No entanto, este entusiasmo diminui significativamente com a idade, sendo que a proporção desce para 25% entre os maiores de 55 anos, segundo a sondagem de larga escala divulgada nesta segunda-feira e analisada em exclusivo pela Agência France-Presse (AFP).
Com os rápidos avanços na IA, muitos utilizadores da Internet estão a encontrar um confidente, ou até mesmo um parceiro romântico, nos assistentes virtuais, os agora famosos chatbots. Ao mesmo tempo, o progresso na robótica está a dar origem a bonecas sexuais cada vez mais sofisticadas.
Realizada pelo Instituto YouGov com dez mil participantes dos Estados Unidos, Japão, Alemanha, Reino Unido, Indonésia e Hong Kong, esta investigação retrata um “cenário moral em constante transformação” e conclui que, em geral, as gerações mais velhas demonstram um cepticismo significativamente maior.
O impacto psicológico dos chatbots em indivíduos vulneráveis está a ser minuciosamente examinado, após a morte de adolescentes relacionada ao uso de IA.
Os resultados destacaram ainda “uma profunda divisão ideológica” entre o Ocidente e o Oriente. O continente asiático parece estar muito mais aberto à aceitação da tecnologia para melhorar a vida amorosa e sexual. Na Indonésia, por exemplo, metade dos inquiridos — em todas as faixas etárias — acredita que a IA pode ser útil nas relações.
Este entusiasmo desce para 34% em Hong Kong e 24% no Japão, antes de cair a pique no Ocidente: 20% nos Estados Unidos, 15% na Alemanha e apenas 9% no Reino Unido.
“Enquanto a opinião pública ocidental geralmente percepciona a intimidade artificial como uma ameaça à autenticidade das relações humanas, o público asiático parece cada vez mais disposto a abrir espaço para a IA nas suas vidas”, frisou Philippe Chan da YouGov.

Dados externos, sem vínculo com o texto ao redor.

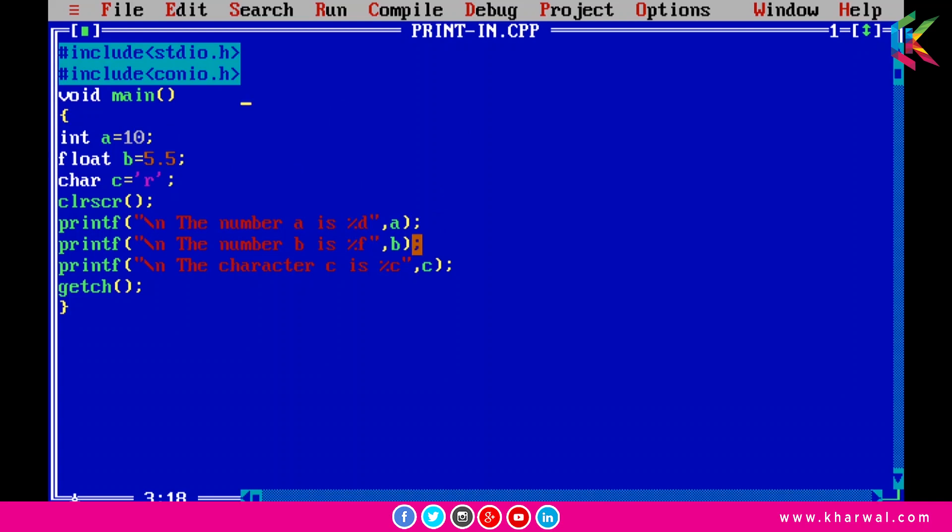In the next statement, I am using %f because b is declared as float. And in the next statement I am using %c as the format specifier to print the character constant R.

Embora o flirt ou ter interacções sexuais com um chatbot esteja a tornar-se gradualmente mais comum, a transição para o mundo físico — através de robôs ou bonecas — ainda está numa fase inicial.
Em todo o inquérito, apenas 17% disseram estar dispostos a experimentar uma “boneca sexual com inteligência artificial”, enquanto a grande maioria (59%) rejeitou categoricamente a ideia.
Sem surpresas, a ideia atrai mais os jovens do que as gerações mais velhas, e no Japão e na Alemanha, a proporção de jovens adultos dispostos a experimentar é quase o dobro da média nacional.